--- START ---

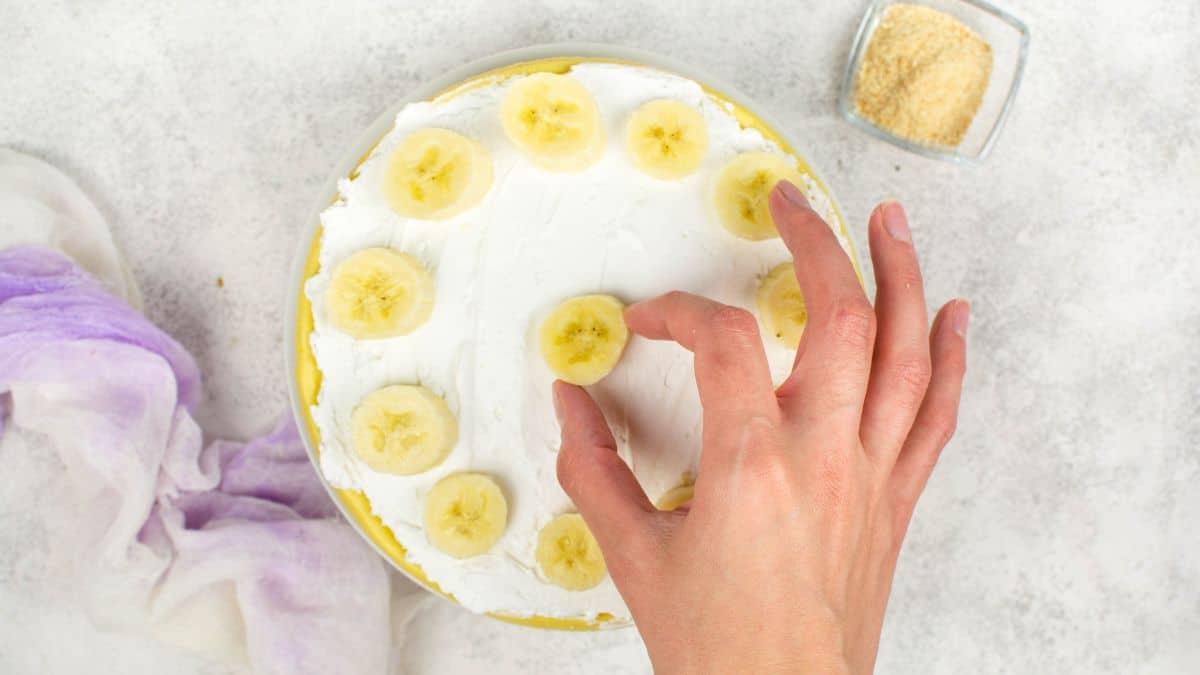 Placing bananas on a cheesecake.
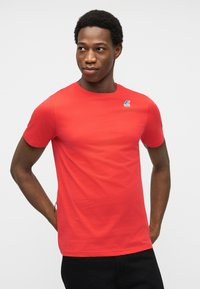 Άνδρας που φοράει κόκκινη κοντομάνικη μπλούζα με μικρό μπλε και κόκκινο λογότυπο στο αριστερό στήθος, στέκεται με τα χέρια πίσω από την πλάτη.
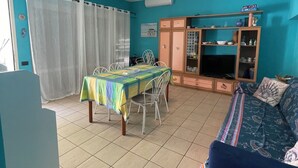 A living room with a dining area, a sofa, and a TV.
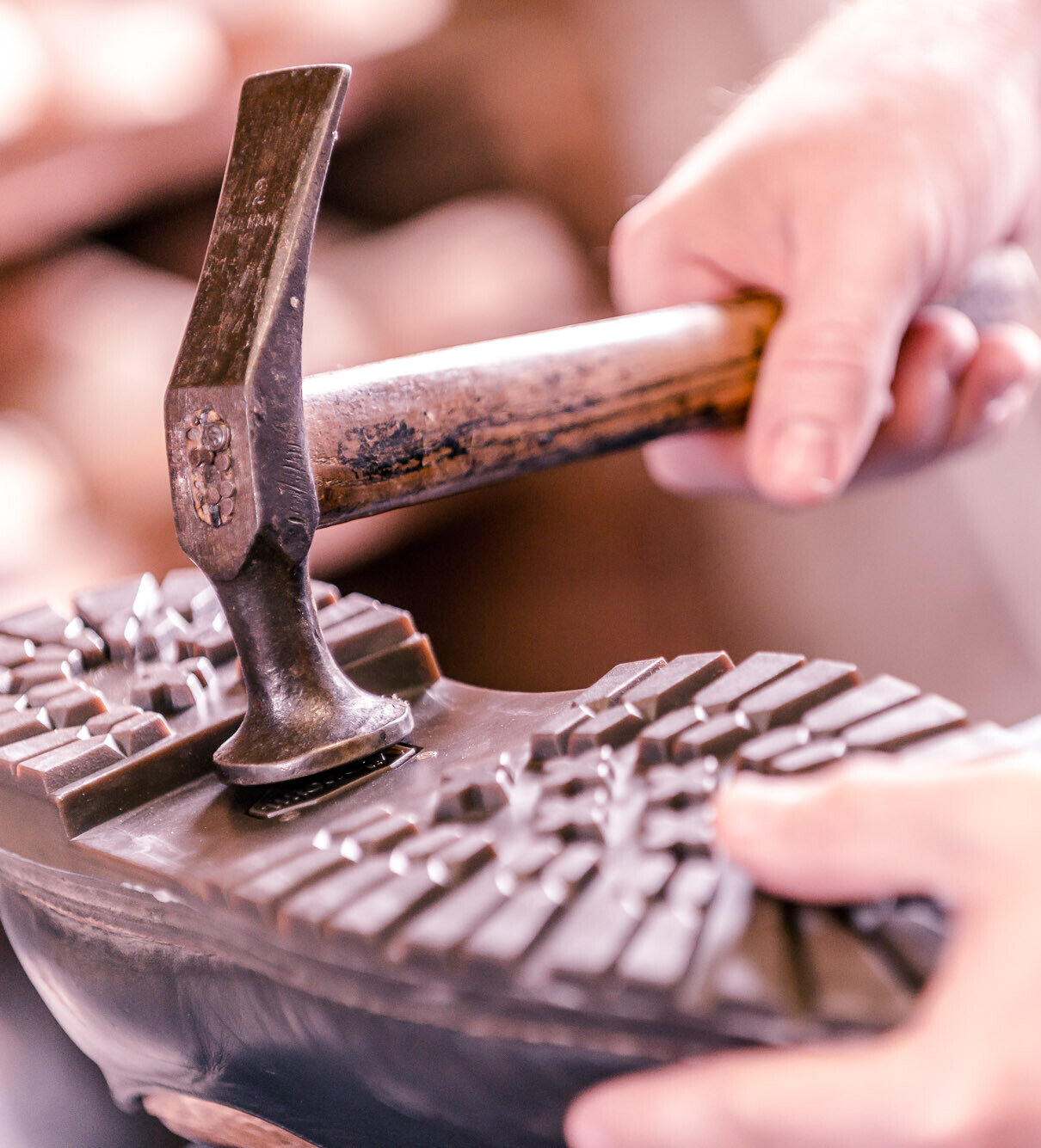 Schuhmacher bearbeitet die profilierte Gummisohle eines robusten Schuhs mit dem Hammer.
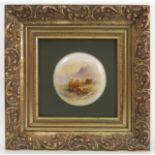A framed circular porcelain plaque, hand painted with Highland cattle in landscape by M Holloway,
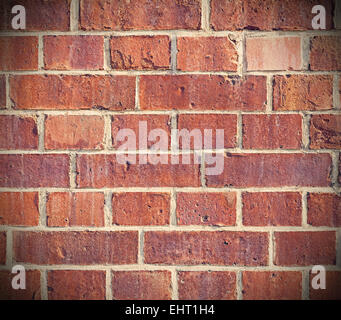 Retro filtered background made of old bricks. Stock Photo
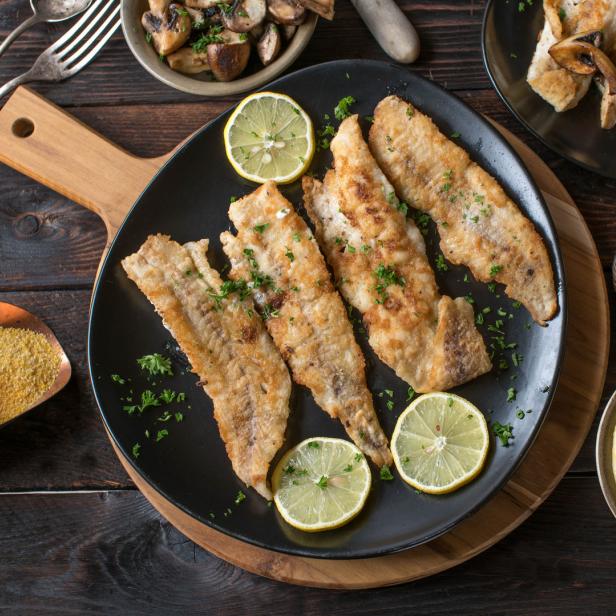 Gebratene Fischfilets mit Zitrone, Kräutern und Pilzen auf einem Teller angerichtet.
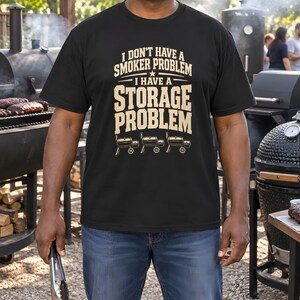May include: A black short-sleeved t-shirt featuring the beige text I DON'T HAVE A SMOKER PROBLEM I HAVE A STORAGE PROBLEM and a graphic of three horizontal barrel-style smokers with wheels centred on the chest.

--- END ---
--- START ---

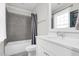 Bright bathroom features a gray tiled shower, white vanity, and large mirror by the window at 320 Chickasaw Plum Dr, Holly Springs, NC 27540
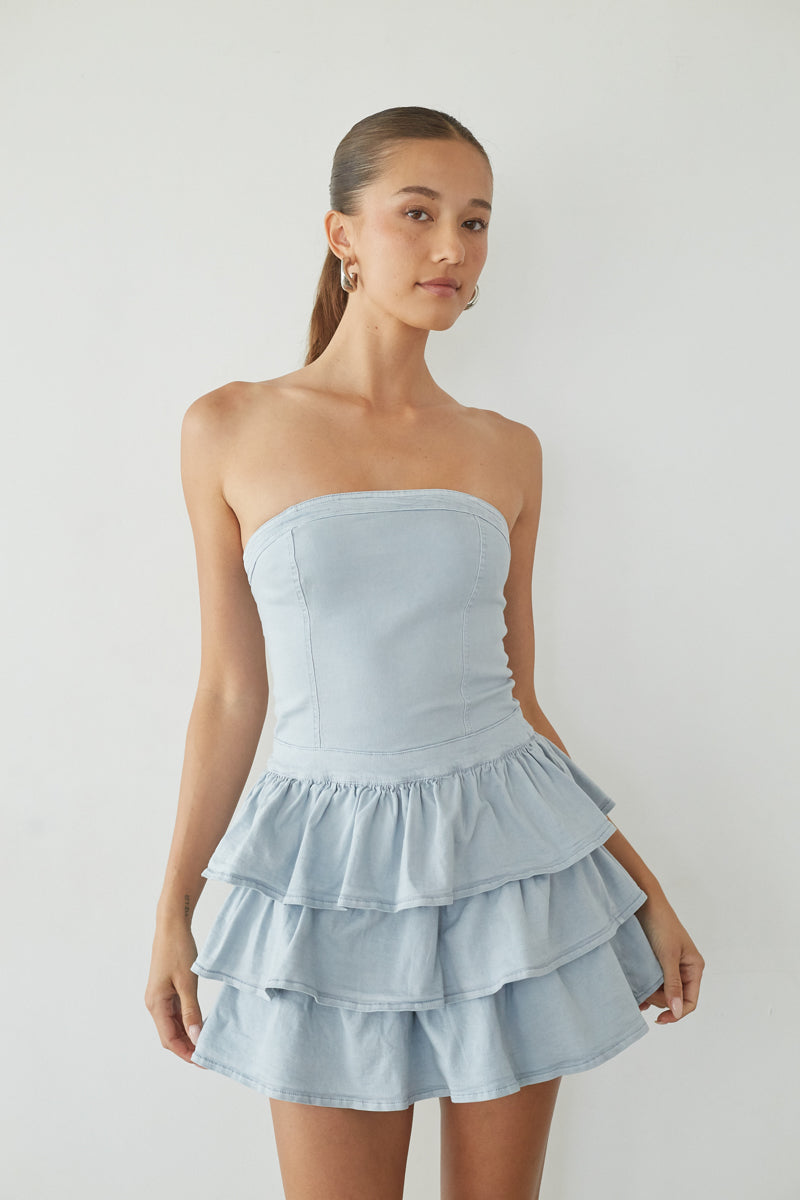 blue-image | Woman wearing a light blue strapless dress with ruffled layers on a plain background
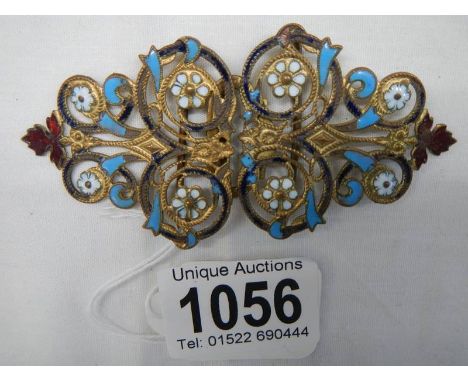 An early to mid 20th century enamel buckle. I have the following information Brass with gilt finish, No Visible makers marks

--- END ---

Task instructions: Reproduce the data above exactly, but only from the line containing "Placing bananas on a cheesecake." through the line containing "Retro filtered background". Omit all pictures.

Result for this exercise:
 Placing bananas on a cheesecake.
 Άνδρας που φοράει κόκκινη κοντομάνικη μπλούζα με μικρό μπλε και κόκκινο λογότυπο στο αριστερό στήθος, στέκεται με τα χέρια πίσω από την πλάτη.
 A living room with a dining area, a sofa, and a TV.
 Schuhmacher bearbeitet die profilierte Gummisohle eines robusten Schuhs mit dem Hammer.
A framed circular porcelain plaque, hand painted with Highland cattle in landscape by M Holloway,
 Retro filtered background made of old bricks. Stock Photo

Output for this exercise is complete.